▸ Data excerpts:

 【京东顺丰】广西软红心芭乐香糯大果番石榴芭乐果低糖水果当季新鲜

==

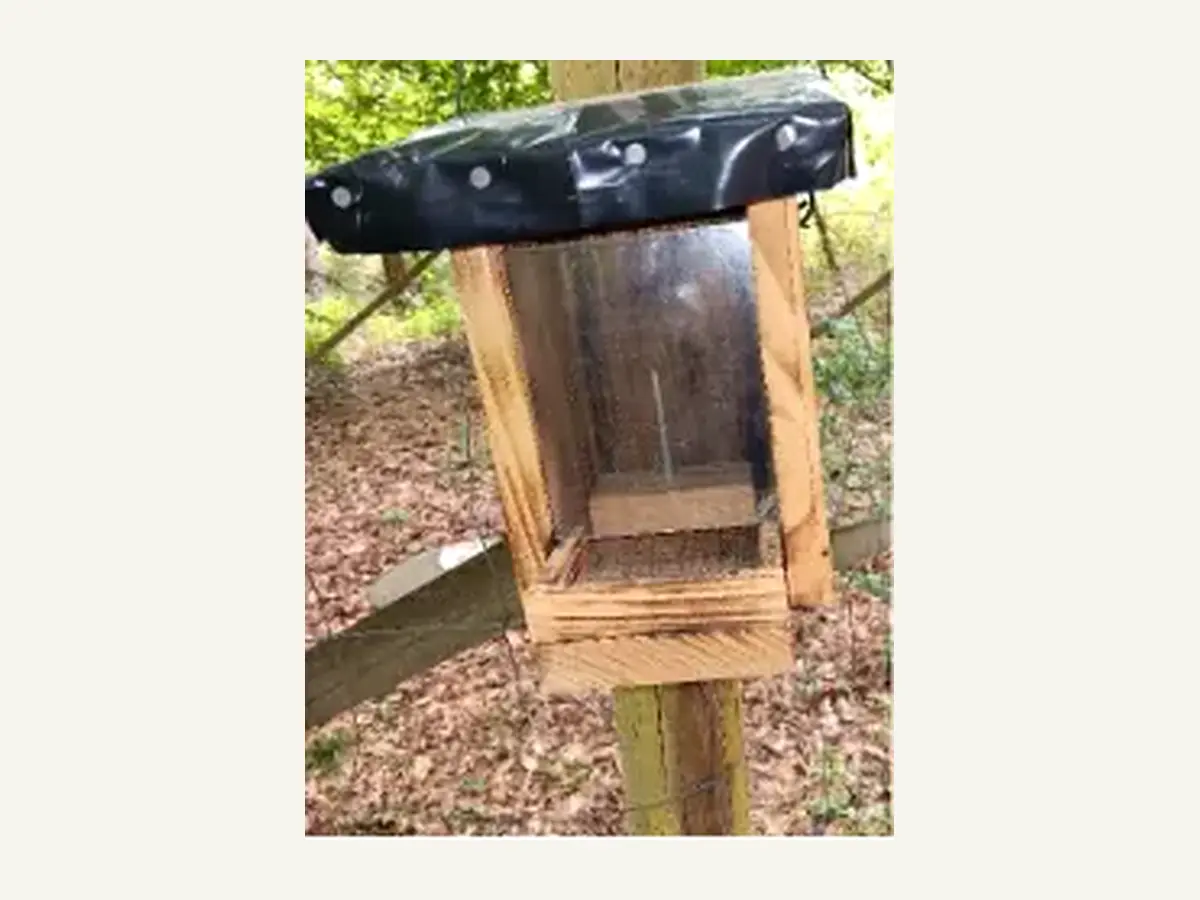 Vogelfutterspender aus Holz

--

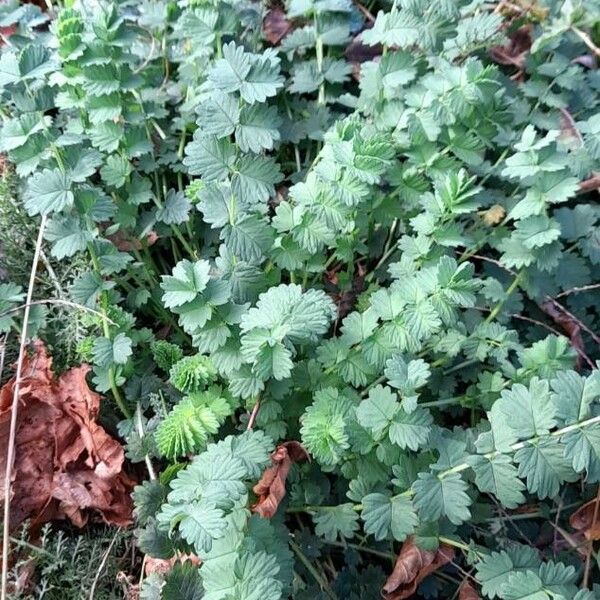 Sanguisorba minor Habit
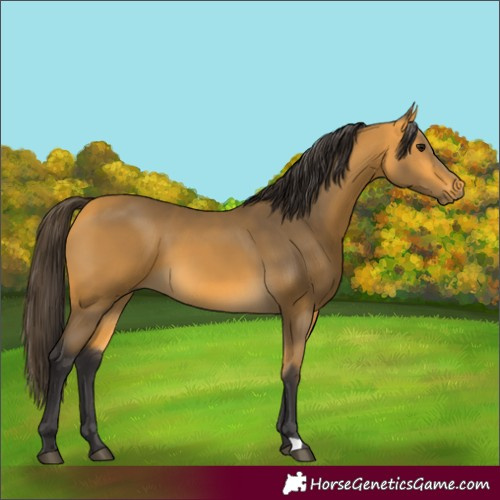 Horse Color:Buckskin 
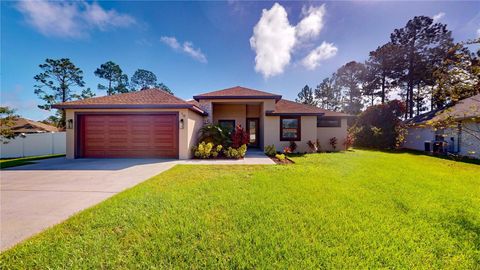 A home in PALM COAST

▸ Directions: Output exactly the lines above, beginning at the one with "Sanguisorba minor Habit" and stopping after the one with "A home in PALM COAST". Pictures are to be omitted.

▸ Finished exercise:
 Sanguisorba minor Habit
 Horse Color:Buckskin 
 A home in PALM COAST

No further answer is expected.